*** Begin section ***

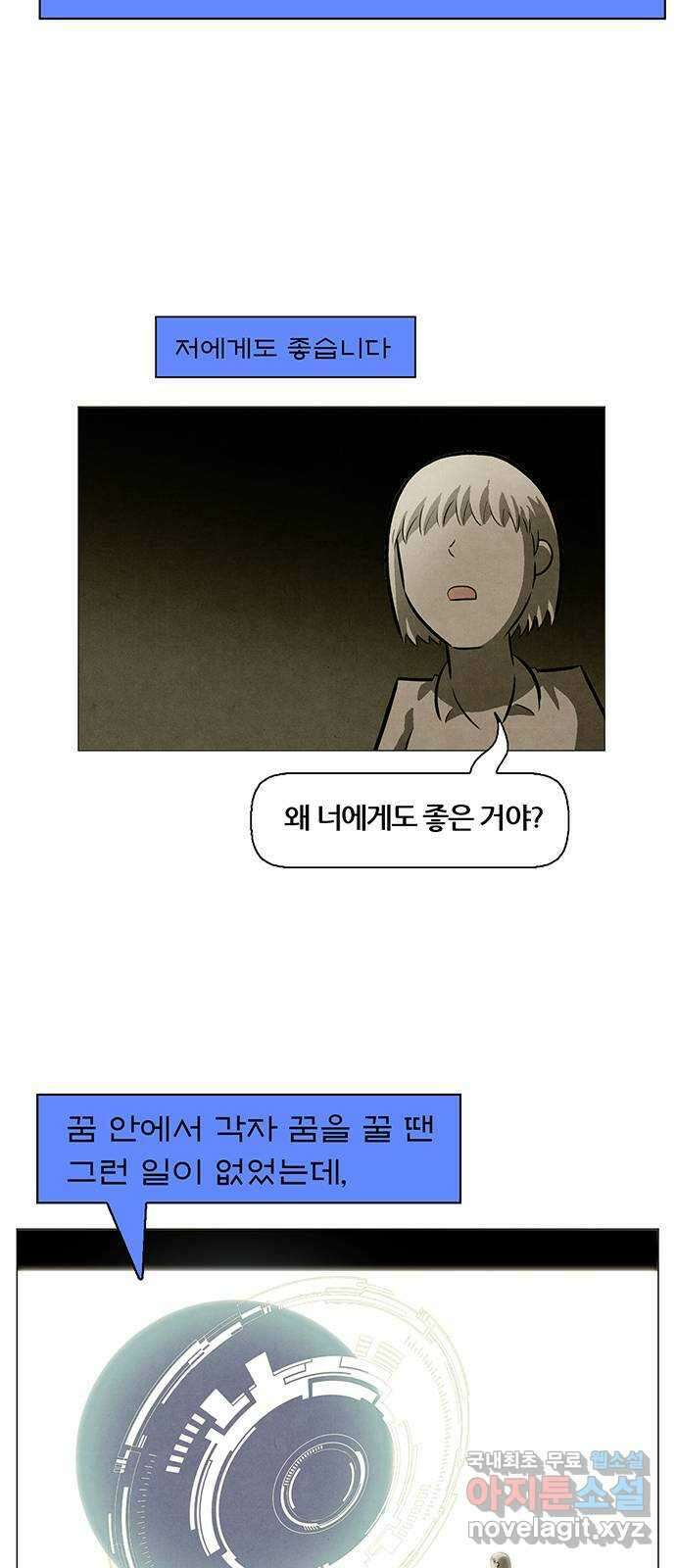 꿈의 기업 6부 34화 6
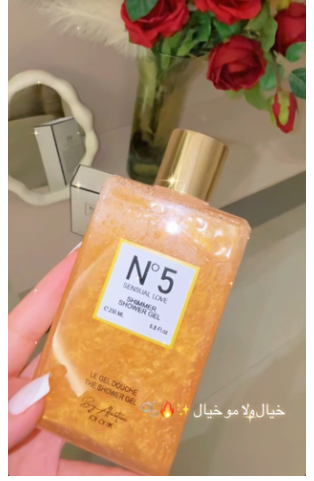شاور جل N5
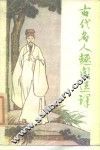古代名人趣闻选译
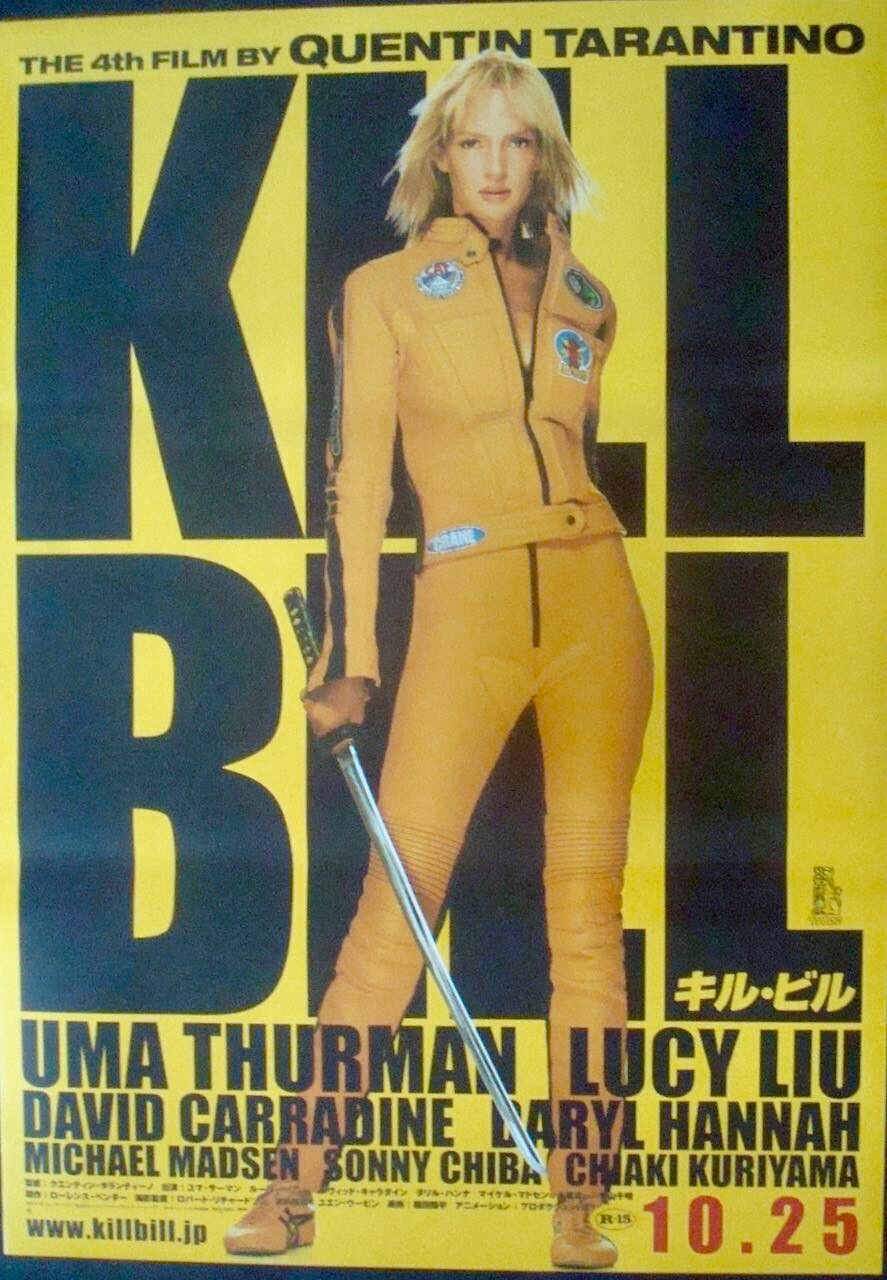 キル ビル KILL BILL タランティーノ　特大ポスター 86cm×61cm キル・ビル Vol.1 - クエンティン・タランティーノ監督、ユマ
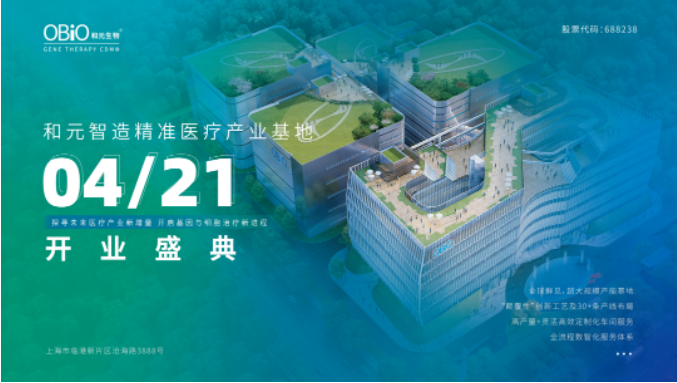深入分析：欧意注册的风险与防范建议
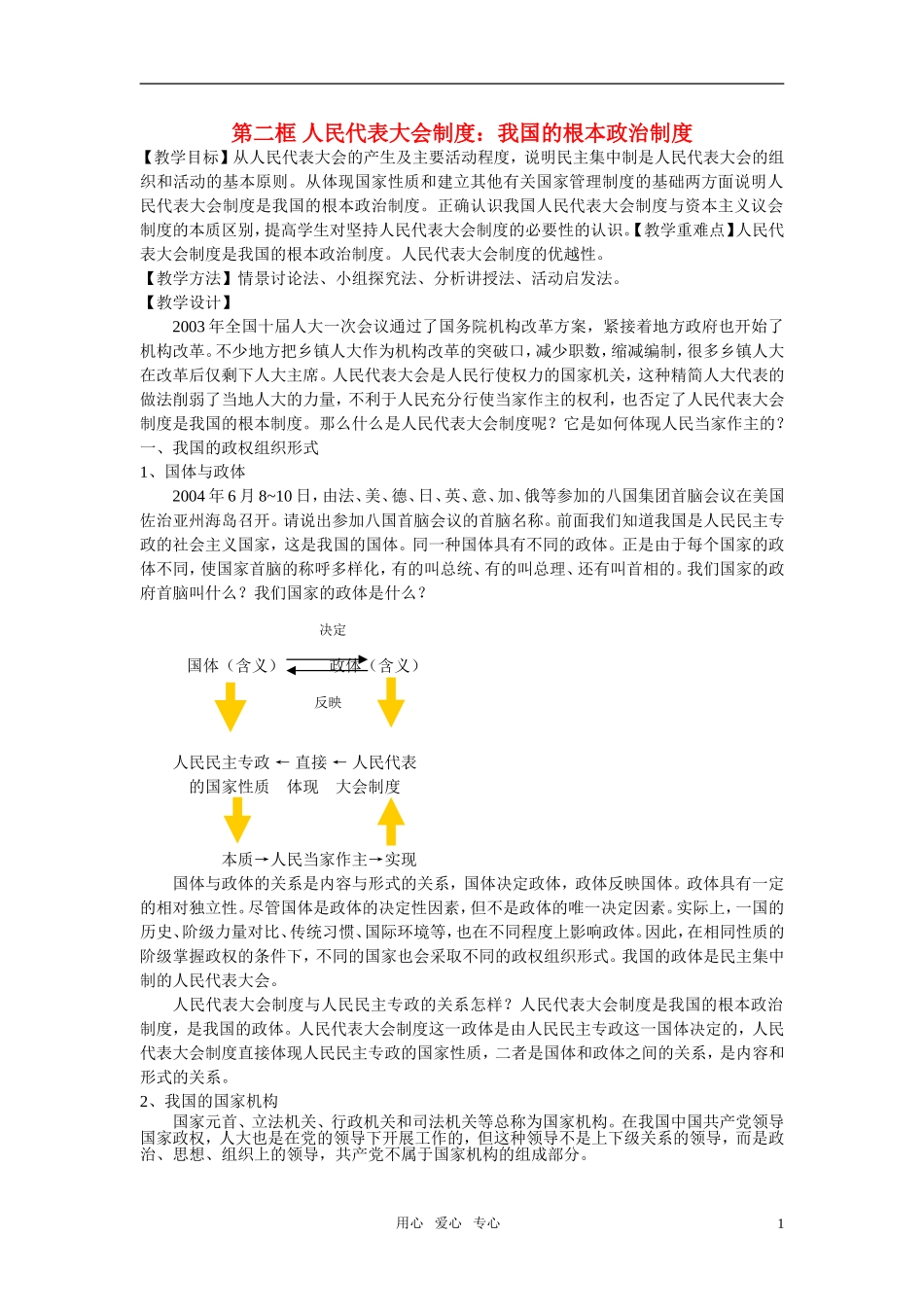 高中政治 人民代表大会制度 我国的根本政治制度教案 新人教版必修2_第1页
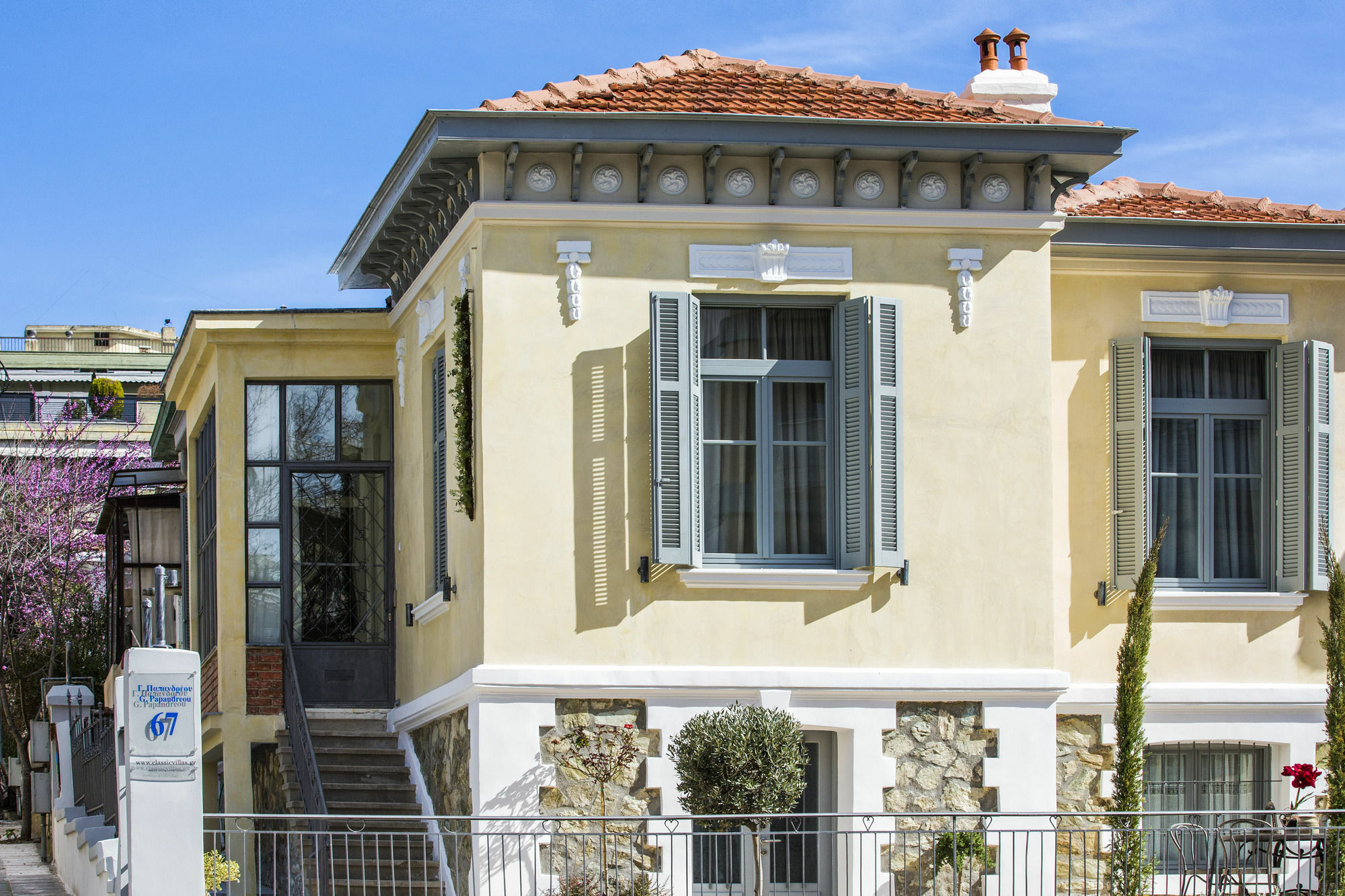 Classic Villas Ouziel Салоники Экстерьер фото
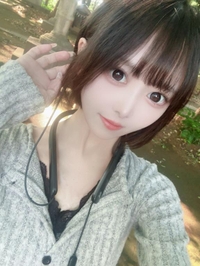 プライベート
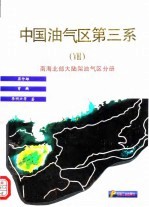 中国油气区第三系 8 南海北部大陆架油气区分册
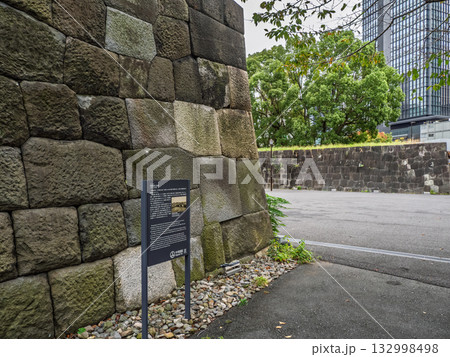 国指定史跡【常盤橋門跡】の石垣と解説板 132998498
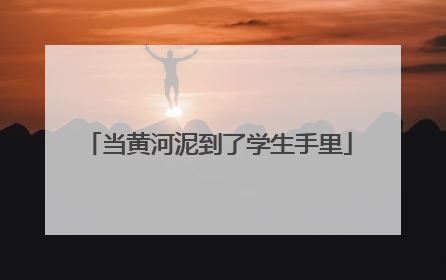 当黄河泥到了学生手里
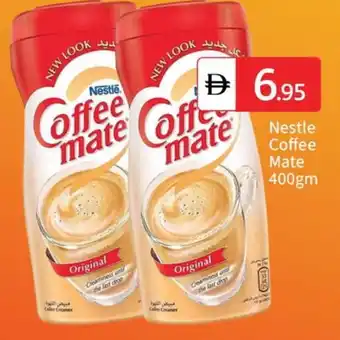 Talal Market COFFEE-MATE Coffee Creamer offer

*** End section ***

Task prompt |
Copy out, exactly and without pictures, each line from the one containing "深入分析：欧意注册的风险与防范建议" through the final line of the entries, both ends included.

Output |
深入分析：欧意注册的风险与防范建议
 高中政治 人民代表大会制度 我国的根本政治制度教案 新人教版必修2_第1页
 Classic Villas Ouziel Салоники Экстерьер фото
 プライベート
 中国油气区第三系 8 南海北部大陆架油气区分册
 国指定史跡【常盤橋門跡】の石垣と解説板 132998498
 当黄河泥到了学生手里
 Talal Market COFFEE-MATE Coffee Creamer offer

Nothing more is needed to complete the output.